For a younger brother, nothing quite compares to the joy of gaining praise and approval from your older brother.

And when your older brother just happens to be one of the greatest quarterbacks ever to play the game, it’s going to be a warm day in San Francisco before he doles out kudos for your own quarterbacking.

But that’s exactly what Eli Manning got from big brother Peyton on Sunday, after Eli led his Giants to a heart-pounding, 20-17 overtime victory against the 49ers.

Peyton attended the game, which propelled the Giants into the Super Bowl, but he didn’t tell Eli. Instead, he waited in the tunnel leading to the visitor’s locker room, and surprised his brother after the game.

“I told him I loved him,” Peyton said to Sam Borden of the New York Times. “I told him I was proud of him.”

For Eli, there can’t be any higher praise. But on this day, there was plenty to praise.

The Giants faced a 49er defense ranked second in scoring and fourth in yards allowed in windy, rainy conditions that ranged from bad to worse. And for most of the second half, the Giants offensive linemen failed to keep their backfield free of 49ers.

Eli threw 58 passes, suffered six sacks, and was hit on at least 20 occasions, but he never turned the ball over.

The lasting impression of the game may have come late in the fourth quarter. Eli completed a long sideline pass to Ahmad Bradshaw, who certainly had to be Eli’s final option on the play.

Eli paid the price for going through all of his progressions. When the camera found him after the play, his shoulder pad had escaped the shroud of his jersey, his chin strap protected his nose, and his skewed helmet was caked with clumps of turf.

Yet he retained the presence of mind to immediately call time out.

“Eli’s just as calm in the fourth quarter as he is in the first quarter of a preseason game,” Peyton told Borden.

And when Eli’s calm, his teammates are calm, and they perform. Eli put up the best fourth quarter numbers of any quarterback in the league this year, and he led the Giants to five come-from-behind victories.

In a crucial win over Dallas on December 11, he led the Giants to two touchdown drives in the final five minutes, overcoming a 12-point deficit. Without that win, the Giants don’t even make the playoffs.

Peyton again: “They expect to score. That’s impressive.”
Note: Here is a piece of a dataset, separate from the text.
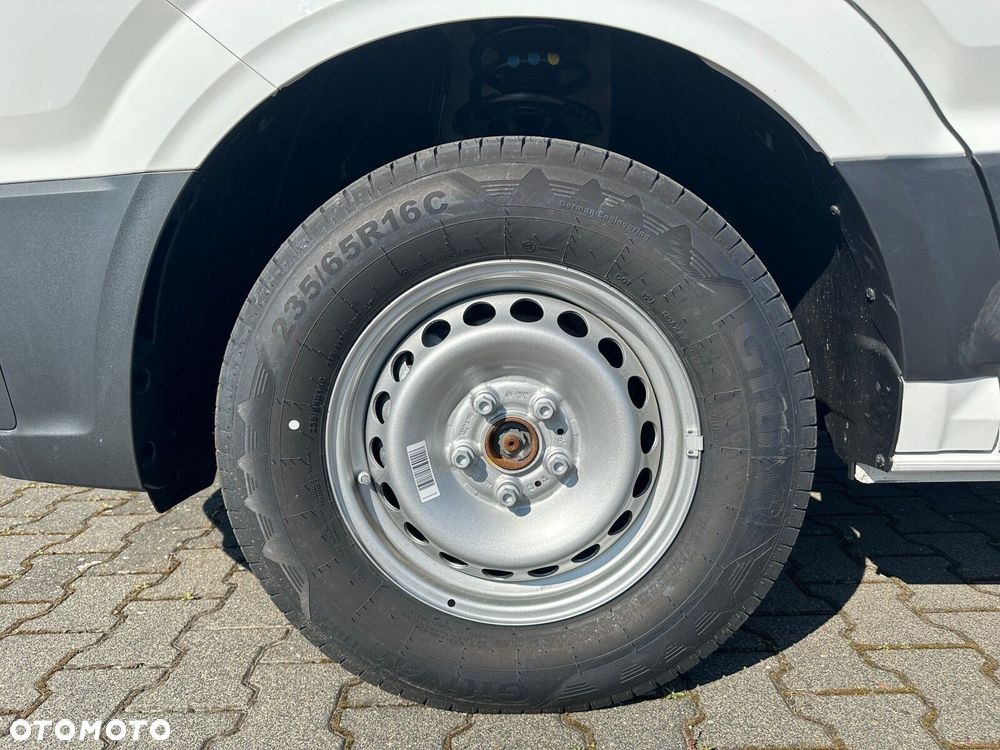 Volkswagen Crafter Podwozie z pojedynczą kabiną silnik: 2,0 l EURO VI SCR 163 KM / skrzynia biegów: Przedni napęd automatyczna 8-biegowa rozstaw osi: 4490 mm - 22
It’s even more impressive that Eli could instill such expectations into a team seemingly going nowhere fast during a four-game losing streak that left the Giants with a 6-6 record. They looked to be missing the playoffs for the third year in a row, and coach Tom Coughlin’s job was thought to be in jeopardy.

The Dallas win stopped the slide, but a loss to the Redskins a week later in a desultory performance led to the old refrain, “the Giants is dead.”
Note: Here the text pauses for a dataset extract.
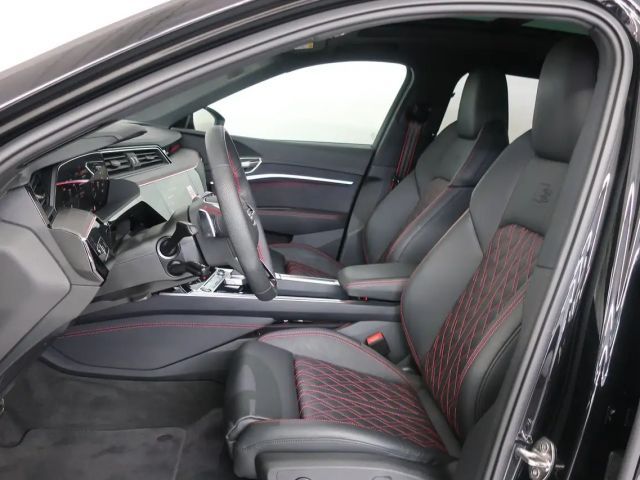 Audi Q8 e-tron 55 Quattro S-Line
Instead, they got healthy, simplified their defense, kept their faith in Eli, and treated the season as if the playoffs began on Christmas Eve.

They haven’t lost since.

While Eli has had ample help, the team took its cue from him. He has instilled in this team a feeling that they can get it done, and that they will get it done.

The Falcons could have stayed on the field for three days and not scored against the Giants defense, but Eli and the offense put on an equally dominating performance. More of the same last week in Green Bay, as both sides of the ball dominated their 15-1 opponents.

This one was different, a mighty struggle. Two outstanding defenses refusing to yield. And it was Eli who turned the game around.

The Giants had trailed, 14-10, for much of the second half. A misplayed punt gave the Giants a chance, but they could only parlay that into a third-and-15 from the 49ers 17-yard line.

From there, Eli delivered a perfect pass — through the smallest of openings — to Mario Manningham for the vital touchdown.

The coverage used by the 49ers had been discussed by Peyton and Eli during their Friday night telephone “chalk talk,” a ritual they share during the season.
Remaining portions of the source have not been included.